There are not a lot of times that I can tell you, without some pondering or research, what I was doing fifty years ago that day. But today is one of them.

I was thirteen, living in my family's home, and we were all in the living room, crowded around the TV, waiting, and then watching, as Apollo 11 lifted off from Cape Canaveral, Florida. We then watched NASA simulations that showed us how the spacecraft would travel to lunar orbit, and how the LEM, or Lunar Excursion Module, would separate from the Command Module, and how it would land, and how Neil Armstrong and Buzz Aldrin would climb down its thin ladder to walk on the surface of the moon.

There was not much else to watch on television. All three commercial networks covered it non-stop.  I am glad that my family chose to watch the coverage of Walter Cronkite and the team at CBS News. Occasionally we flipped to NBC or ABC to see how they were telling the story, but CBS was our homebase. We trusted Walter and his people. He seemed to really care about the astronauts and the mission and how important the whole endeavor was to us. And I cannot over-emphasize what a big deal this was for the workers at NASA, the people of the United States of America, and, corny as it may sound to some, for the whole human race.  

During the hours and days after the successful launch, Robert A. Heinlein and Arthur C. Clarke were interviewed in the studio. I had just discovered who these authors were and had barely begun to read them at the time. CBS also chose to cut away to affiliates is every state – or, at least it seemed so at the time. Ordinary people in every corner of the country were shown and interviewed, to get a kind of group photo of the US at a special moment in time. We all knew that not everyone was in favor of the billions spent on the space program, but it seemed that the nation was united in wishing the astronauts well.
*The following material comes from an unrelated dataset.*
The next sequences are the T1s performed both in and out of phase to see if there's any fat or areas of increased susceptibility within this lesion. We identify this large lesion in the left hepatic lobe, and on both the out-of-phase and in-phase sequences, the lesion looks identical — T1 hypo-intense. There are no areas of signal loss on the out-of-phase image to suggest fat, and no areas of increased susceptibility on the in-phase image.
We would not breath normally until Armstrong and Aldrin had left footprints on the glowing orb we looked up to at night, and they and Michael Collins had returned safely to earth.

The spacecraft took off on Wednesday, July 16, 1969, and the Eagle landed on Sunday, July 20. I must have slept for some of that time, but I don’t remember doing that. My most salient memories are of actions that occurred far away from me, sometimes hundreds of thousands of miles away. I know the Apollo capsule splashed down on July 24, in the North Pacific Ocean, and I imagine CBS and the other networks ceased the wall-to-wall coverage they had been doing and broadcast some other programming in the days between the liftoff from the moon and the return to earth, but I can’t tell you anything about it.

There were, of course, other moon missions – most of them successful – and the US and other nations have accomplished great things with manned and unmanned spacecraft in the decades since, I don’t think these great accomplishments brought us together and made our hearts beat in quite the synchrony that the Apollo 11 mission did.  

I do hope we will go back someday. I hope we will establish permanent colonies on the moon, maybe other planets as well. I hope I live to see some of that. But, I feel very fortunate to have witnessed all of that, even if only on television, and in the world of my imagination.